No fue hace tanto que X, de entre 30 y 40 años de edad, decidió
comprar un piso. Buscándolo, pensó en el de la prima Mercedes, o el del
amigo Juan, amplios, con sus dos baños, ascensor, plaza de garaje y,
quien sabe, quizá incluso piscina. Verdaderamente, el hogar reflejaba el
éxito de sus propietarios. Le pareció que Juan se había pasado un poco
dejando instalar un Jacuzzi en la azotea del adosado. Por mucho que
María, la mujer de Juan, estuviera embarazada. La vivienda le pareció
ostentosa a X. “Fue un capricho de María” le había confesado Juan “ya
sabes, para cuando crezca el niño.”
X decidió que, como
sólo compraría un único piso en su vida, su piso que ya no dejaría
hasta la muerte, este debería disponer de todo aquello que X pudiera
necesitar desde el presente hasta el final.
Aunque
todavía no lo necesitaba, el ascensor era imprescindible, porque algún
lejano día posiblemente tuviese dificultad para subir a pie las
escaleras.
La plaza de garaje no era lujo, pues en la ciudad
apenas había zonas en las que fuera fácil encontrar aparcamiento. El
otro día visitando a Merdeces, había tenido que caminar 10 minutos del
coche al edificio. ¿Pobre Mercedes, cómo se las arreglaría ella, con la
compra y los niños?
Dos baños, más que nada por las visitas, dan tanta comodidad.
Dormitorios,
más vale que sobren a que falten. Teniendo piso, no sería de extrañar
que pronto llegase familia y tenía que haber espacio para todos.

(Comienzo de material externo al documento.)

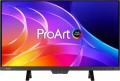 monitor-asus-proart-pa32usd_06.jpg
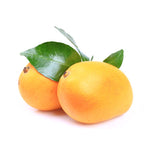 Badami (Banganapalli) Mangoes 3Kg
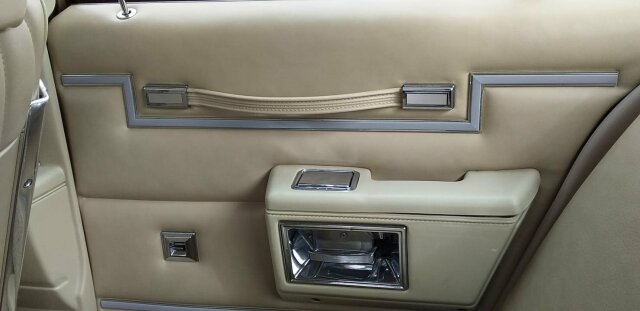 GENERAL MOT-GMC(CDN) Andere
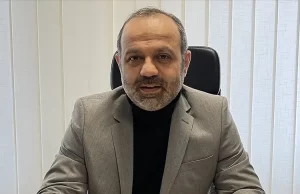 Almanya’da Müslüman kuruluşların başkanları, hükümetten ülkedeki Müslüman ve göçmenlere yönelik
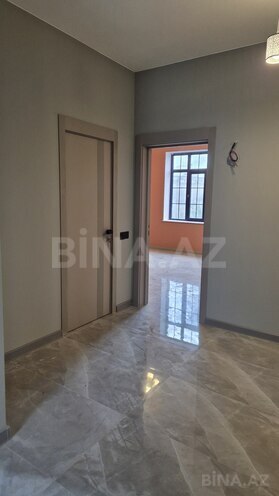 Продаётся 5-комн. дом/дача 125 м², пос. Вишнёвка, photo 10 from 15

Gracias a Dios, pronto tendría su propio piso, sentía la ilusión que le producía tomar una decisión importante en su vida.
En
aquellos tiempos, aunque el precio de la vivienda era alto, los bancos
lo ponían fácil, demasido fácil quizá, era un negocio muy tentador.
X compró su piso para toda la vida y yo le perdí el rastro.
Imagino
a X en su piso, toda una vida, pagando mes tras mes la ilusión que tuvo
entre los 30 y 40 años y no puedo evitar pensar en cadena perpetua.